Application of High Thermal Conductivity Steels to Automotive Aluminum Die-Cast Molds 2007-01-1221
In recent years, the use of aluminum die cast parts in automobile manufacturing has increased due to greater demand for automotive weight reduction. For even wider application, it is necessary to reduce manufacturing costs and improve product quality. Finite element method (FEM) analysis suggested that a new material, featuring 50% improved thermal conductivity within the working temperature of the die compared to the conventional 5% chromium hot work tool steel AISI-H13 (H-13), would decrease thermal stress on the die surface and lower the maximum surface temperature. As a result, the reduced stress should increase the die service life with respect to heat checks. At the same time, the reduced surface temperature should increase the cooling rate of die cast products, which will in turn improve product quality due to finer structure formation.
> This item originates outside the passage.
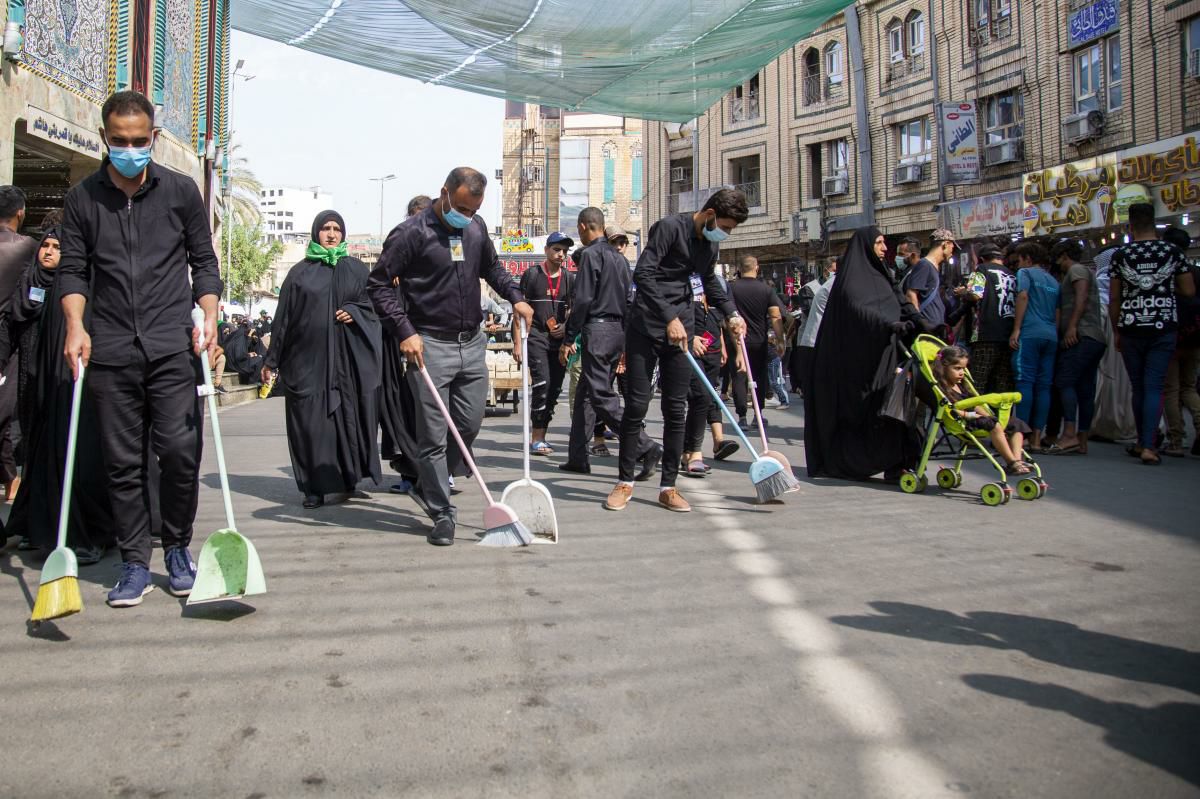 فضیلت زیارت اربعین با پای پیاده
In this research, a new die material, with thermal conductivity an average of 50% greater than the conventional H-13, was developed and the mechanical properties were examined. As a result, mechanical properties very similar to the conventional material were seen, and thus, use in die casting dies is thought to be possible. Surface temperature variations and product quality of the conventional material (H-13) and the new material (HDS-1) were compared, by using HDS-1 for the water jacket core of an engine block die for a high-pressure die casting machine and a cylinder head die for a low-pressure die casting machine. Through this comparison, the surface temperature of the HDS-1 die was found to decrease more quickly, leading to die cast products with finer structures in the areas close to the surface contacting the die.